The case raises two questions: Do U.S. courts currently recognize an absolute or almost absolute legal right to confidentiality for scholars or archivists? And if they do not recognize such a right, should they?
The short answer to the first question is no. Two federal district judges and the First Circuit Court of Appeals have explicitly found that such a right does not exist. Although the Supreme Court may take up the case, for the time being the honest answer to a potential donor is that in most, if not all, instances, an archives would be required to surrender material subpoenaed by a court.
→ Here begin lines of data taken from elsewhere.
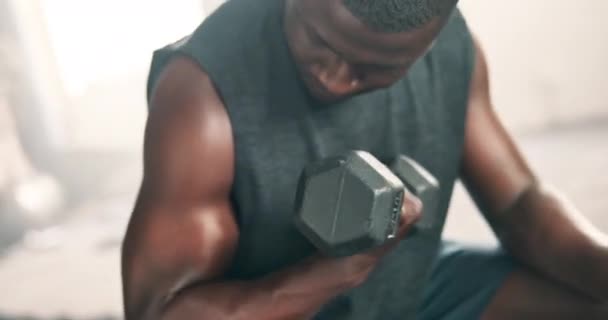 Fitness, hands or black man training with dumbbells, powder or power in workout for wellness at gym. Closeup, lifting weights or healthy sports athlete in exercise for biceps muscle or development. - Footage, Video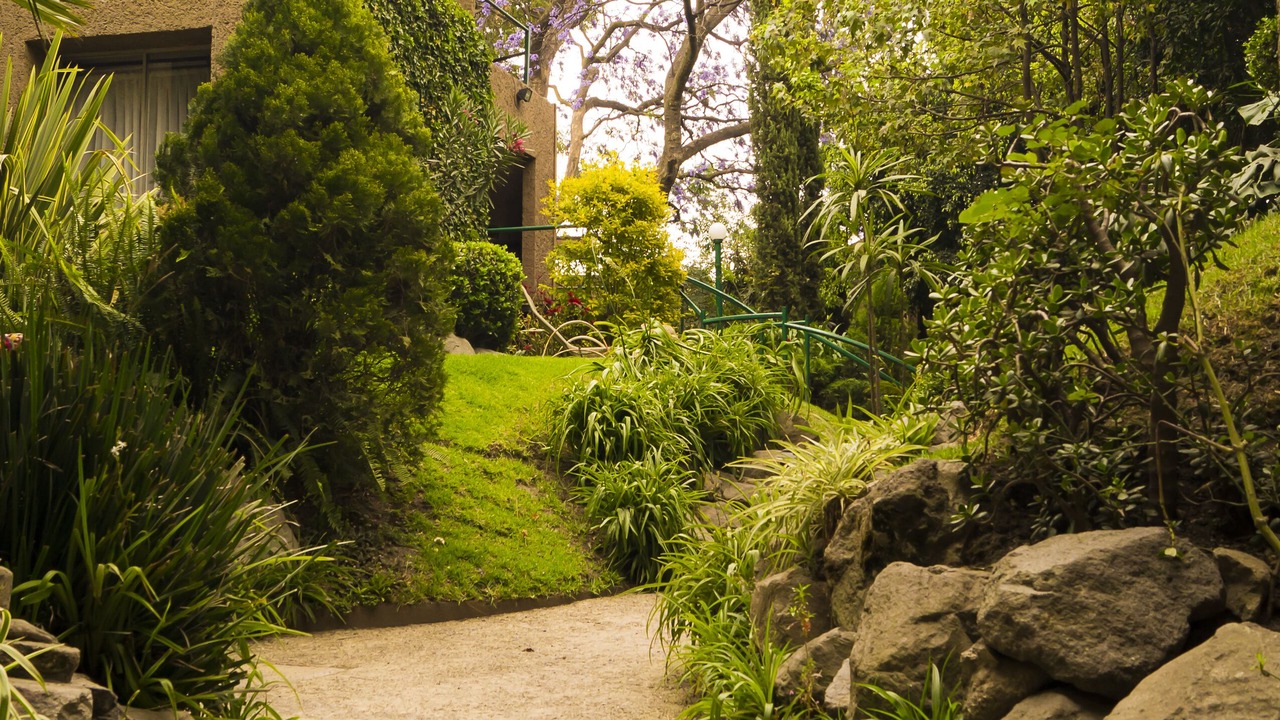 Photo of Outdoor in Guadalupe Inn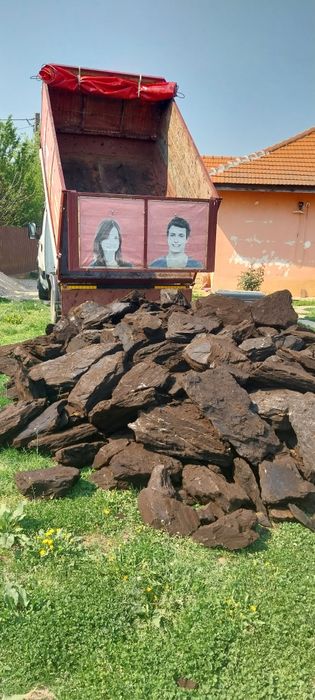 Lemne și cărbune sortat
That anyone in our field would coin the term “archival privilege” much less promulgate it as a thing is totally insane, for a number of reasons, not least of which is that Boston College is cribbing its strategy for archives advocacy from the waning days of the Nixon administration.
So let’s walk back from the specifics of the case — because the donor’s best defense is actually to argue that an oral history is more like hearsay than like a deposition. We don’t take oral histories under oath. There’s no guarantee that the person speaking is telling the whole truth, etc. Which means that the donor’s lawyer needs to skunk this thing after discovery. You, the archives, are not the donor’s lawyer, and as thrilling and Pelican Brief-y as it is to think you are, you have no business skunking things before discovery — and let’s walk back from the big all-caps purpose of archival science being TO PROVIDE ACCESS TO HISTORIC MATERIALS.
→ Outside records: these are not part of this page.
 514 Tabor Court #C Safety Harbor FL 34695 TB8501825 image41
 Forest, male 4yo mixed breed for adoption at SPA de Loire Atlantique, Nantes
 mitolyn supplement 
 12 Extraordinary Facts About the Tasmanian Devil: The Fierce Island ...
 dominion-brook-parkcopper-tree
The ugliest part about archival privilege is that archivists have presumed its existence, based on no legal precedent, and based on no compelling public interest. We’ve assumed the privilege exists because we want to get close to donors. We are obsessed with the erotic frisson of the oral history — a tete-a-tete on tape. We believe batches of personal papers are key texts, shibboleths yielding passage to the fastnesses of microhistory.
They’re not. Donor restrictions are the rule of the dead over the living. Promises of confidentiality, limits on access, limits on reproduction, on publication, requests that heirs of the deceased be contacted before a collection of dimestore paperbacks needs to be deaccessioned, all limit archivists’ judgement and researchers’ capacity to create new knowledge out of old records.
Also, just saying, but victims tend not to contribute their artifacts to repositories. Unless for “artifacts” you read “bodies” and for repositories you read “the grave.”
This is feeble-minded, and SAA needs to come down hard.